Stephen Harriman Long und die Riesen des Mississippi-Tals

Vorwort und Danksagung

Abb. 1 Der amerikanische Forscher und Entdecker Stephen Harriman Long (1784-1864)

(bb) Folgende kleine Vorbemerkung sei dem Verfasser gestattet: Wenn man als Riesenforscher aus dem deutschsprachigen Raum in digitalen Zeitungs- und Bücher-Archiven auf der Suche nach historischen Meldungen und Berichten über Funde riesenhafter [1] Human-Relikte sowie übergroßer Waffen oder Gebrauchsgegenstände urtümlicher Bewohner Amerikas ist, kommt man sich bisweilen so vor wie der Hase in dem Märchen "Der Hase und der Igel" nach Wilhelm Schröder und den Gebrüdern Grimm: Fast immer, wenn man in einer alten Zeitung oder einem zumeist längst vergessenen Buch fündig geworden ist, muss man bei weiteren Recherchen feststellen, dass einem ein amerikanischer Forscher-und Autoren-Kollege - wie etwa Jim Vieira, Micah Ewers oder Richard J. Dewhurst - bereits zuvorgekommen ist und quasi wie der Swinigel "Ick bün all hier!" ruft, indem er die betreffende Meldung schon in seinen Veröffentlichungen dokumentiert hat.

Nun hat dies keineswegs, wie im Märchen, mit irgendwelchen Tricks zu tun, sondern die Betreffenden haben schlichtweg den 'Heimvorteil' auf ihrer Seite. Ab und zu jedoch gelingt dem Forscher aus Deutschland dann doch das, was dem Hasen im Märchen versagt bleibt: er ist schneller, wozu natürlich auch etwas Glück bzw. Unterstützung aus dem hiesigen Kollegenkreis nötig ist. Im vorliegenden Fall, in dem es um einen Reisebericht des amerikanischen Forschungsreisenden Stephen Harriman Long (Abb. 1) (1784-1864) geht, gilt sein Dank der Hamburger Ethnologin, Museumspädagogin und Indianer-Expertin Dr. Renate Schukies, die seine gigantologischen Studien seit vielen Jahren mit Interesse und Sympathie verfolgt. Sie war es, die bei ihren Recherchen auf die hochinteressante deutschsprachige Estveröffentlichung [2] von Berichten dieses hierzulande noch weitgehend unbekannten Forschers aus der ersten Hälfte des 19. Jahrhunderts und auf die darin enthaltenen Hinweise bezüglich der präkolumbischen Riesen Nordamerikas aufmerksam wurde, welche sie dem Verfasser dieses Artikels umgehend zugänglich machte. Bevor wir hier diese Passage des Buches vorstellen, zuvor noch ein paar einführende biographische Informationen über dessen Autor:

Wer war Stephen Harriman Long?

Abb. 2 Major Stephen H. Long (Mitte, mit Zylinder) trifft sich 1819 auf seiner zweiten Expedition bei Council Bluffs, Iowa, mit Repräsentanten der Pawnee.

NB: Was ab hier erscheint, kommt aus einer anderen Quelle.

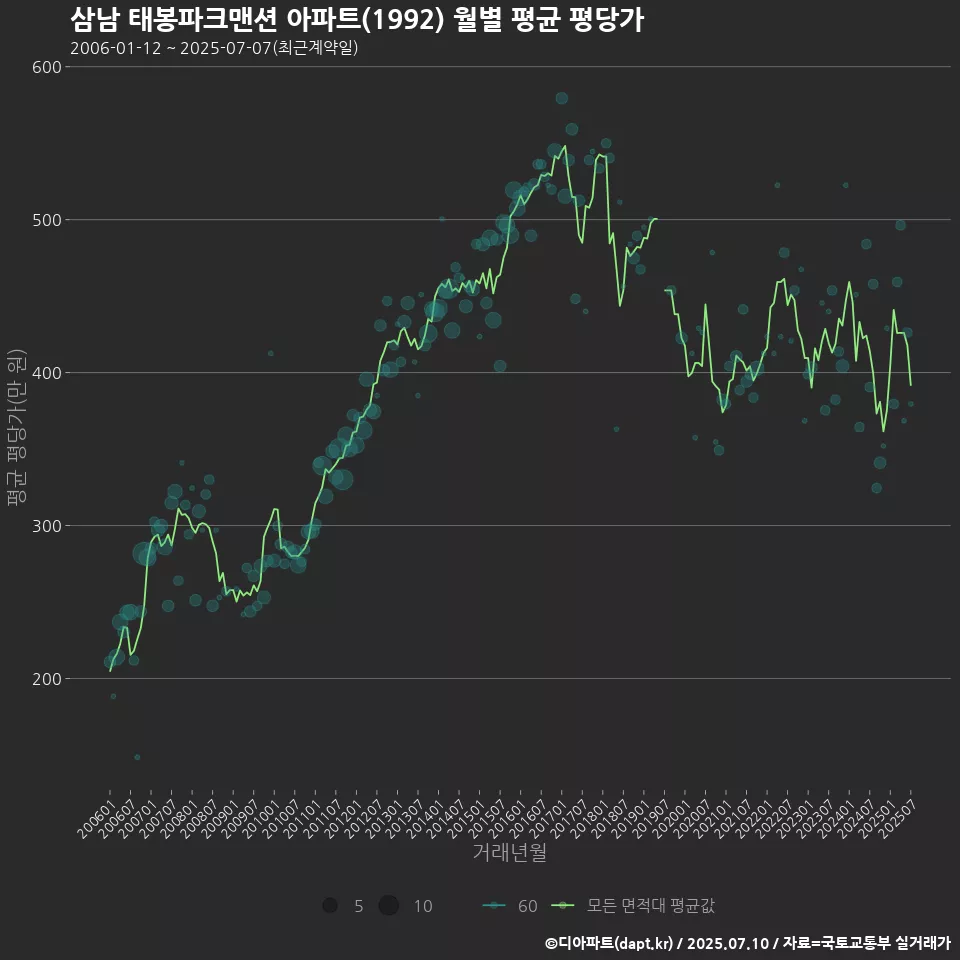삼남 태봉파크맨션 아파트(1992) 월별 평균 평당가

Stephen Harriman Long (* 30. Dezember 1784 in Hopkinton, New Hampshire; † 4. September 1864 in Alton, Illinois) war, wie es in der deutschsprachigen Wikipedia heißt, "ein US-amerikanischer Entdecker, Geograph, Vermesser, Bau- und Eisenbahningenieur. Er erkundete den Mittleren Westen, entwarf Lokomotiven und war einer der Pioniere des konstruktiven Ingenieurbaus in den USA." [3]

Nach seinem 1805 begonnenen und 1809 mit dem Master-Abschluss beendeten Studium am Dartmouth College in Hanover - zwischenzeitlich war er auch als Lehrer in Pennsylvanianien und New Hampshire tätig - begann Long 1815 eine militärische Laufbahn als Leutnant im US Army Corps of Engineers wobei er zudem ein Jahr lang Mathematik an der West Point Akademie lehrte. Ab 1816 diente er im Rang eines Majors unter dem Kommando von Andrew Jackson, der kurz zuvor bei New Orleans die Briten geschlagen hatte.

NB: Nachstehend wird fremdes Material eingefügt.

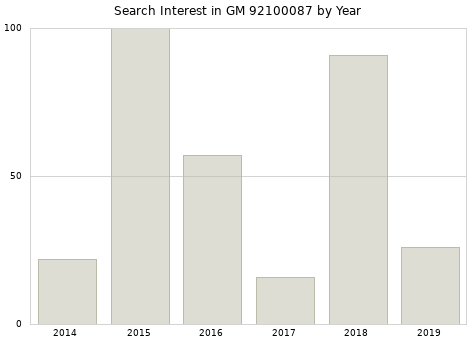 Annual search interest in GM 92100087 part.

1817 leitete Long seine erste Expedition, die ihn zum Oberlauf des Mississippi bis hin zu den Saint-Anthony-Fällen führte. 1819 folgte bereits eine zweite von ihm geleitete Forschungsreise, die 'Yellowstone-Expedition' [4] zur Erkundung des Missouri River bis zum Yellowstone, die aber insgesamt ein kostspieliger Fehlschlag war. 1820 leitete Long eine Expedition zur Erkundung von Gebieten im Mittleren Westen, die den USA im Rahmen des Louisiana Purchase zugefallen waren, insbesondere suchte er nach den Quellen der Flüsse Arkansas, Red River und Platte River. Den Red River konnte er allerdings nicht wie geplant erkunden, da er dort auf feindselige Indianer stieß. 1823 führte er schließlich noch eine Expedition in das Grenzgebiet zu Kanada durch, erkundete den Oberlauf des Mississippi, den Red River of the North und den Minnesota River. Seine Expeditionskarten wurden später eine wichtige Grundlage für die Planung neuer Eisenbahnlinien. [5]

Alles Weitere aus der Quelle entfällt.